A large stream of flowing stars is evidence of the violent history of the Milky Way


When you go out and look at the sky on a clear night, it seems like nothing else could be so serene and peaceful. But many of those seemingly peaceful stars are evidence of a troubled history, and now we are learning to uncover their secrets.

Using data from the Gaia Milky Way mapping survey, astronomers have discovered a large stream of stars that they believe to be the remnants of a massive dwarf galaxy that was dragged into the galactic disk before being ripped apart. They have called the Nyx stream, for the Greek goddess of the night.

According to the standard model From the evolution of the Universe, galaxies grow by merging and absorbing smaller galaxies, the process of accretion. In fact, there is plenty of evidence that this occurs in the Milky Way: Several currents have been identified that have been linked to dwarf galaxies and globular clusters disrupted by the galaxy’s tidal forces.

Then the Gaia satellite appeared. It was released in 2013, and since then it has been collecting data to produce the most accurate 3D map of the Milky Way to date. You are carefully studying the proper motions, radial velocities, and distances of the stars to determine where everything is and how it moves.

This reveals in unprecedented detail the history of the Milky Way’s altercations with other star bubbles, such as Antlia 2, the dwarf spheroidal galaxy of Sagittarius and, um, the sausage Gaia. Not to mention the Pisces-Eridanus star current, which is believed to be what’s left of a star cluster.

But all of this has been identified by looking for things that move and are constructed differently. It is much more difficult to identify a crushed galaxy that fits. Stars that move with the rotation of the galactic disk and have chemical compositions similar to the stars that formed here could be overlooked.

So theoretical physicist Lina Necib of Caltech and her colleagues applied a neural network to build a catalog of stars from Gaia’s second data launch that had been dragged into the galaxy, rather than being born here.

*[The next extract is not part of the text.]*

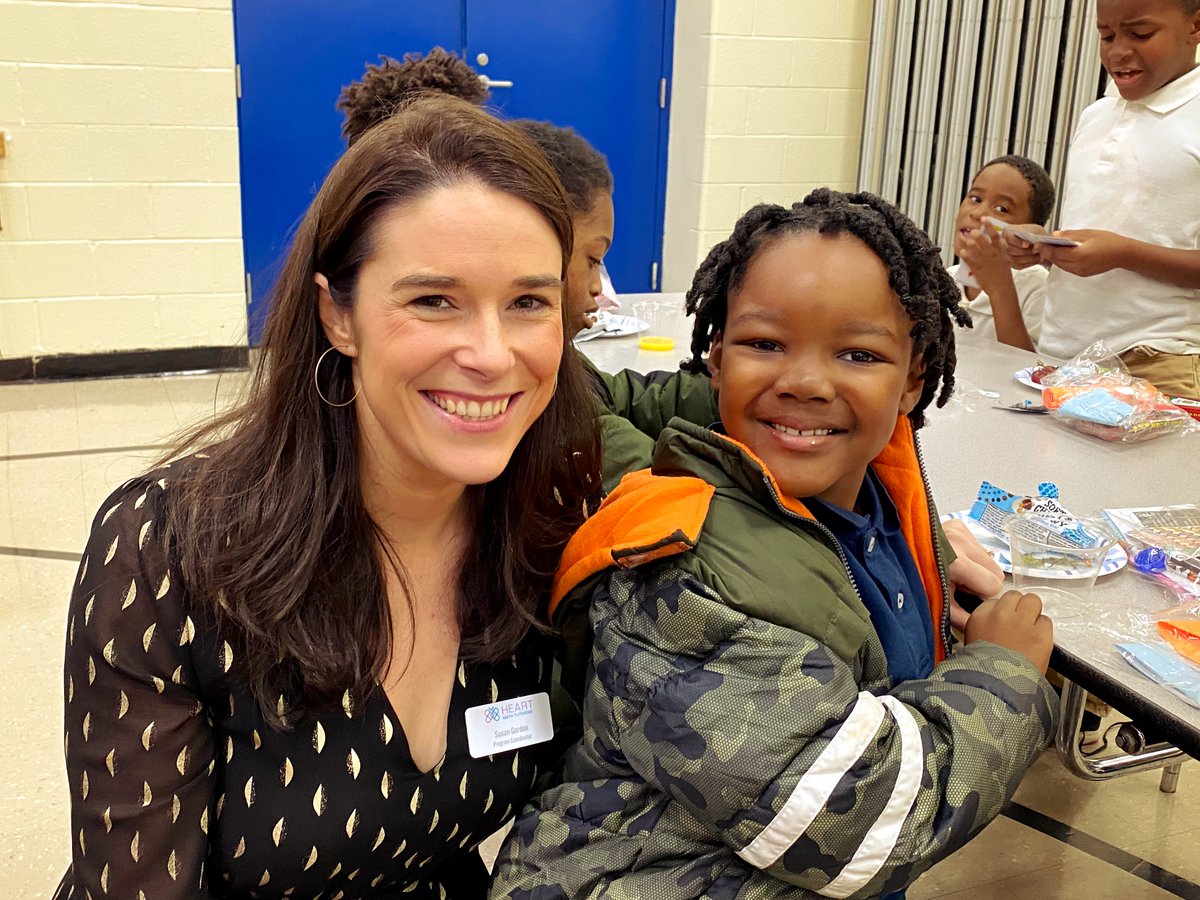 A packed house at our Holiday Family Event at Bruns Avenue Elementary! Check out all of the pics here: facebook.com/hearttutoring/…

“The network,” the researchers explained in their article, “takes the five-dimensional kinematics of each star as inputs (two angular coordinates, two proper motions, and parallax) and then generates a score associated with the probability that the star will accumulate. . “

When they extracted the stars that the safest neural network had been accumulated, the team found a group of 232 stars that moved all together in a programmed movement, that is, with the rotation of the galaxy, and with similar chemical compositions. This group had not previously been associated with any other stellar currents.

When they simulated the orbits of these stars a billion years ago in the past, the team discovered that they had different orbital properties from stars in both the thick and thin discs of the Milky Way.

Coupling this observation with the fact that Nyx lags behind the disk in ~ 90kms−1 and it has a substantial radial velocity component makes a strong argument that it is the result of satellite fusion, “the researchers wrote.

Stellar groups moving together can be created by other means, such as resonances generated by galactic bar disturbance or density waves in the spiral arms, but these do not conform to Nyx. Simulations of these phenomena could not produce the Nyx delay without causing other effects that have not been identified in the data.

The team believes the best option for their data is a dwarf galaxy that, at some point during the Milky Way’s long history, slurped up and then stretched when stars began to orbit the center of the Milky Way.

And when the researchers repeated their study with slightly relaxed certainty, they found another group of stars that almost exactly matched the Nyx current. The programmed galactic orbit and chemical compositions were the same, but the second group had an opposite radial velocity. This is also consistent with the dwarf galaxy model, as simulations showed that the second group could be debris from a separate passage from the same dwarf galaxy.

Nyx is likely to contain stars that were not identified in this study, because they fell outside the strict parameters fed into the neural network. But future research could help shed light on this event: when it happened, how it happened, and how massive that dwarf galaxy was.

And since there is also evidence that accumulated star populations correlate with clusters of dark matter believed to have been entrained in the merger along with the stars, Nyx can help us understand how such mergers contribute to the dark matter disk. of a galaxy.

“If Nyx is really the result of such a merger, then it would provide evidence of accumulated programmed stars and, potentially, an accompanying dark matter component in a current or disk,” the researchers wrote.

“The presence of such a dark matter component would substantially alter our current understanding of the local phase-space distribution of dark matter, and would have important ramifications for terrestrial searches for the dark matter particle.”

The research has been published in Nature.